I don't want generative AI in my phone. I want someone, or something to book a meeting with my family doctor, the head of my son's future primary school, etc. I don't need AI to do that. I need the other industries (medical/government/education) to wake up and let us automate them.
Do you know that my family doctor ONLY take calls? Like in the 1970s I guess? Do you know it takes hours to reach a government office, and they work maybe 6 hours a day? The whole world is f**ing sleeping, IT people, hey guys, slow down on killing yourselves.
AI is supposed to get rid of the chores, now it leaves us with the chores and take the creative part away. I don't need such AI.
But that’s in a perfect world.
Even to this day, post ChatGPT, I still can’t imagine how I would ever use this AI stuff in a way that really makes me want to use it. Maybe I am too simple of a mind?
Maybe the problem is in the way that it is presented. Too much all at once, with too many areas of where and how it can be used. Rewriting emails or changing invitations to be “poems” instead of text is exactly the type of cringe that companies want to push but it’s really just smoke and mirrors.
Companies telling you to use features that you wouldn’t otherwise need. If you look at the email that Apple rewrote in the keynote - the rewritten version was immediately distinguishable as robotic AI slop.

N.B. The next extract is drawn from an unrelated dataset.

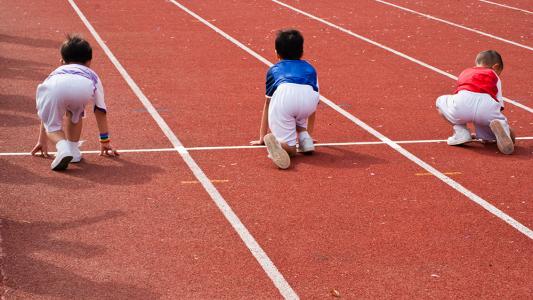 children stretching at a track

I'm sure there are usecases for this and the other GenAI features, but they seem more like mildly useful novelties than anything revolutionary.

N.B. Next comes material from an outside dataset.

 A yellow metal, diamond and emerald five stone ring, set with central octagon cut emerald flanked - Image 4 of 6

There's risk to this as well. Making it easier to produce low value slop will probably lead to more of it and could actually make communication worse overall.
My job can be largely "AIed" away if such AI gets better and the company feeds internal code to it.
The first company to offer their models for offline use, preferably delivered in shipping container you plug in, with the ability to "fine tune" (or whatever tech) with all their internal stuffs, wins the money of everyone that has security/confidentiality requirements.
Somebody still needs to make those decisions that it can't make well. And some of those decisions doesn't require seniority.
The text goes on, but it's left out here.